Navigation to any portion of the tree does not imply any need to keep the entire document in memory at once.
Worst case scenario XPath expression will not yield any results before traversing the entire tree. However any XPath 1.0 (and I imagine 2.0 is no different in that regard) can be compiled into a deterministic state machine (DFA), which only needs to keep tabs on how many elements it has seen and what conditions has been met.
What XPath 1.0 specifically doesn’t allow are arbitrary sub-expressions in predicates. Those would be problematic in certain conditions.
The only potential issue with performance is when running a large number of XPEs against a single stream. So there are various techniques to remedy that, including merging state machines for branching expression etc.
There's a following:: axis in XPath which lets you look ahead to arbitrary elements. So the processor needs to load the document into memory, which of course is not streaming.

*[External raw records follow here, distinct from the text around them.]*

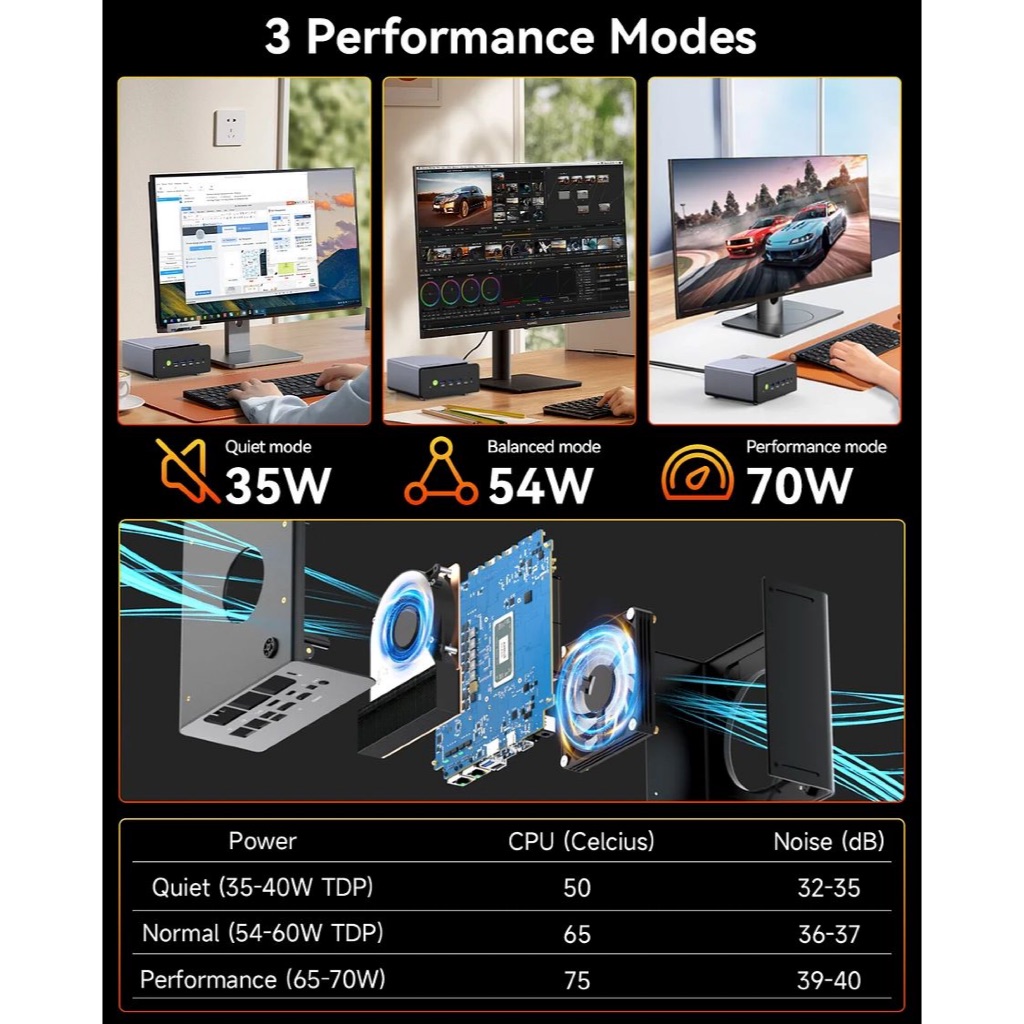 Mini PC GMKtec K12 Ryzen 7 H255 - 8 nhân 16 luồng DDR5 NVMe 4 | GPU Radeon 780M | USB4 & OCuLink | BigBuy360 - bigbuy360.vn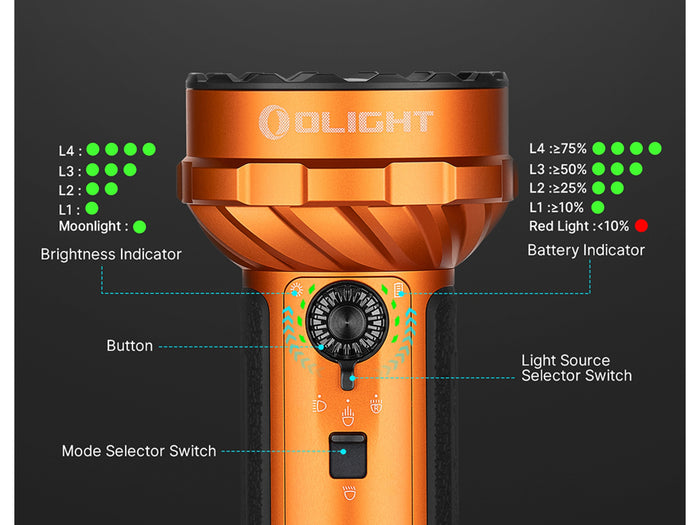 Olight Marauder Mini 2 Torch 10000 Lumens Rechargeable - Orange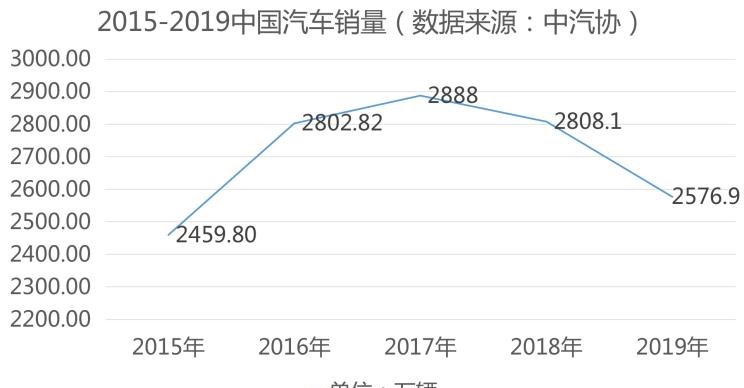  奔驰,奔驰C级,奔驰E级 插电混动,迈巴赫GLS,威霆,奔驰V级,奔驰G级 AMG,奔驰GLC轿跑,奔驰CLA级,奔驰E级(进口),奔驰GLA,奔驰GLS,奔驰G级,奔驰C级(进口),奔驰GLE,奔驰GLB,奔驰A级,奔驰GLC,迈巴赫S级,奔驰S级,奔驰E级,奥迪,奥迪A6L,奥迪Q5L,奥迪A4L,奥迪A5,奥迪Q3,奥迪A6,奥迪A8,奥迪A3,奥迪Q6,奥迪A7L,奥迪Q7,奥迪Q3 Sportback,奥迪R8,奥迪S4,奥迪A4(进口),奥迪Q8,奥迪A6L 插电混动,奥迪RS 7,奥迪Q2L,奥迪A7,大众,途岳,途观L,宝来,迈腾,帕萨特,速腾,途铠,探歌,途锐,探影,Polo,探岳,高尔夫,一汽-大众CC,途昂,揽巡,桑塔纳,凌渡,揽境,朗逸,比亚迪,比亚迪V3,比亚迪e6,比亚迪e3,比亚迪D1,元新能源,比亚迪e9,宋MAX新能源,元Pro,比亚迪e2,驱逐舰05,海鸥,护卫舰07,海豹,元PLUS,海豚,唐新能源,宋Pro新能源,汉,宋PLUS新能源,秦PLUS新能源,宝马,宝马5系,宝马6系GT,宝马X3(进口),宝马iX3,宝马X4,宝马Z4,宝马5系 插电混动,宝马X2,宝马X6,宝马X7,宝马i3,宝马4系,宝马5系(进口),宝马2系,宝马1系,宝马7系,宝马X3,宝马X5,宝马X1,宝马3系,日产,轩逸,Ariya(海外),日产Z,奇骏·电驱版 e-POWER,ARIYA艾睿雅,纳瓦拉,蓝鸟,劲客,骐达,楼兰,奇骏·荣耀,轩逸·电驱版 e-POWER,途乐,途达,奇骏,逍客,天籁,斯柯达,晶锐(进口),柯珞克,柯米克,昕锐,速派,柯迪亚克GT,明锐,柯迪亚克,丰田,卡罗拉锐放,威兰达,锋兰达,RAV4荣放,汉兰达,卡罗拉,凯美瑞,亚洲狮,一汽丰田bZ3,红杉,丰田C-HR,皇冠,埃尔法,广汽丰田bZ4X,YARiS L 致炫,赛那,皇冠陆放,雷凌,威驰,亚洲龙,长安,奔奔E-Star, 长安CS75PLUS 智电iDD,悦翔,长安UNI-K 智电iDD,锐程CC,览拓者,锐程PLUS,长安UNI-V 智电iDD,长安Lumin,长安CS75,长安UNI-K,长安CS95,长安CS15,长安CS35PLUS,长安CS55PLUS,长安UNI-T,逸动,逸达,长安CS75PLUS,长安UNI-V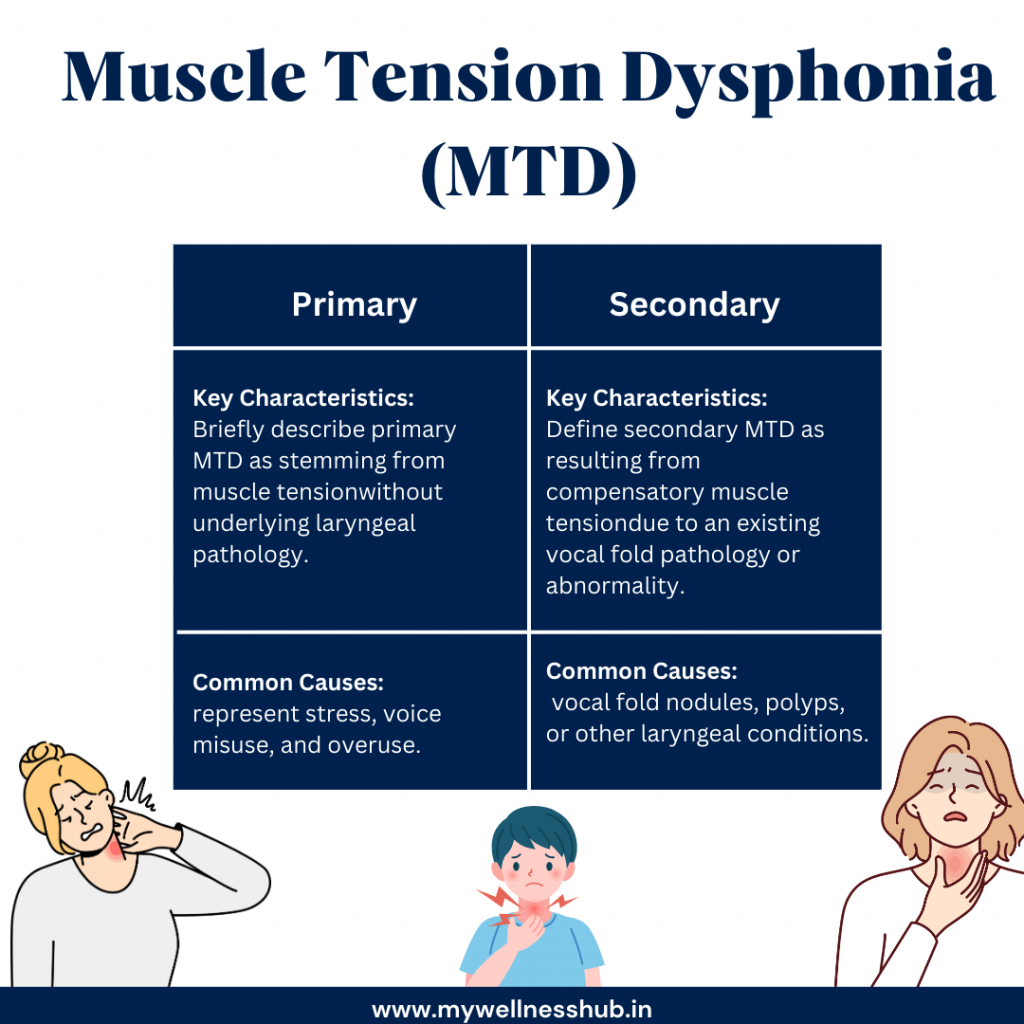 Muscle Tension Dysphonia (MTD) Primary vs Secondary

Just /node/node2/following::* in a predicate or whatever. Perhaps you're conflating XPath-as-used with XPath-as-specified? http://msdn.microsoft.com/en-us/library/ms950778.aspx explains that you can't support all of XPath (even 1.0) and process things the way that you describe.
Right, they completely eliminate any buffering. That’s very strict, but you’re right. I thought you meant that there’s a subset of XPath that can’t work on anything but DOM.
Yeah, that's all. The reason it's relevant is that XPath processors often value conformance over expanding the utility of their system. I didn't want someone going off and using libxslt or xalan expecting it to process things in a memory-efficient manner.
OT and pedantic, but common enough that I thought I'd point it out: there's no need to cat and pipe a file into grep, because grep takes a file name as an argument, eg - grep 'user:"bob smith"' log.json
if you really want L-to-R whilst avoiding the redundant cat and its overhead. That doesn't allow grep to do its speed-ups though, because it's still reading stdin, not a filename.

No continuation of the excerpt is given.